Repeat the data in full and exactly. Leave the pictures out.

### Provided material:
-=-=-
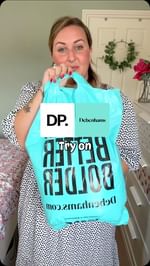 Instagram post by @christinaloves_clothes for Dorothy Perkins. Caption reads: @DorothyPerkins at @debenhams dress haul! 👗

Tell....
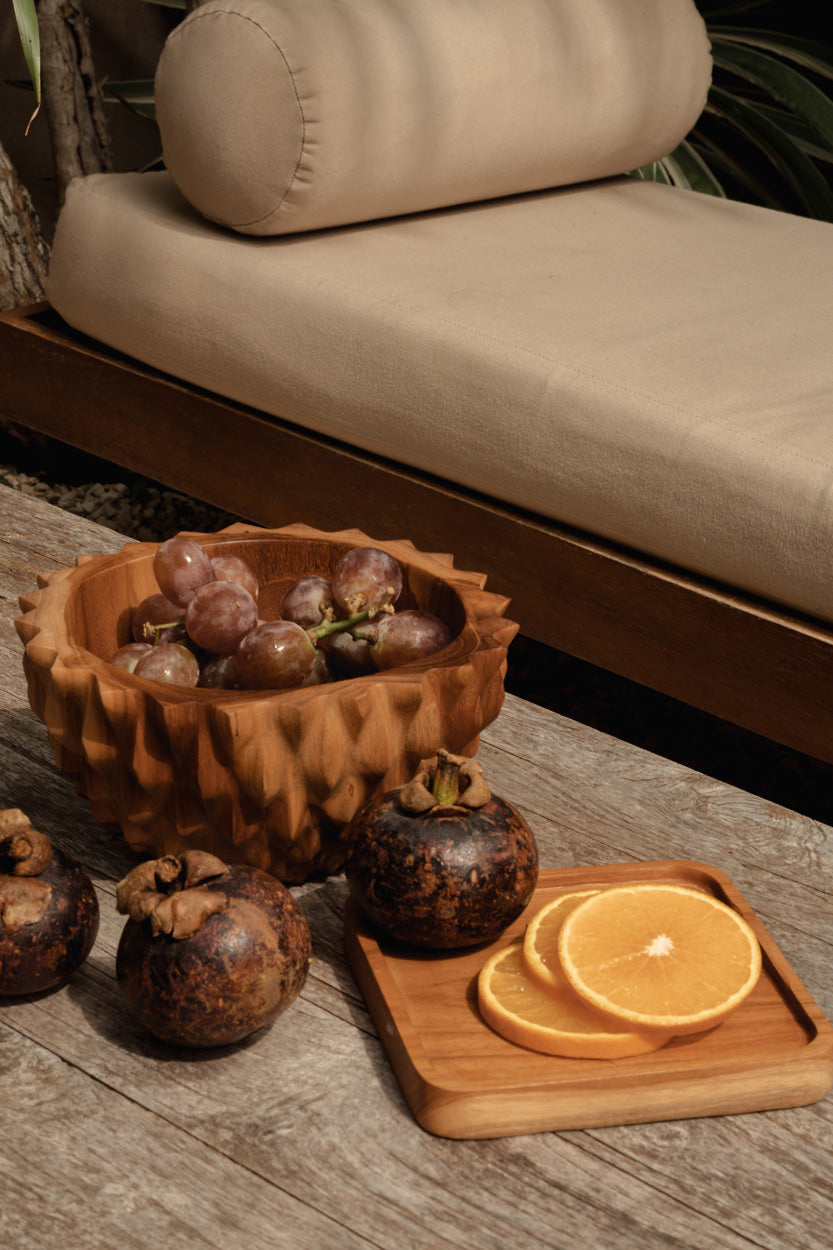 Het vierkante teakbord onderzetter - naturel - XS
-=-=-
### Task response:
 Instagram post by @christinaloves_clothes for Dorothy Perkins. Caption reads: @DorothyPerkins at @debenhams dress haul! 👗

Tell....
 Het vierkante teakbord onderzetter - naturel - XS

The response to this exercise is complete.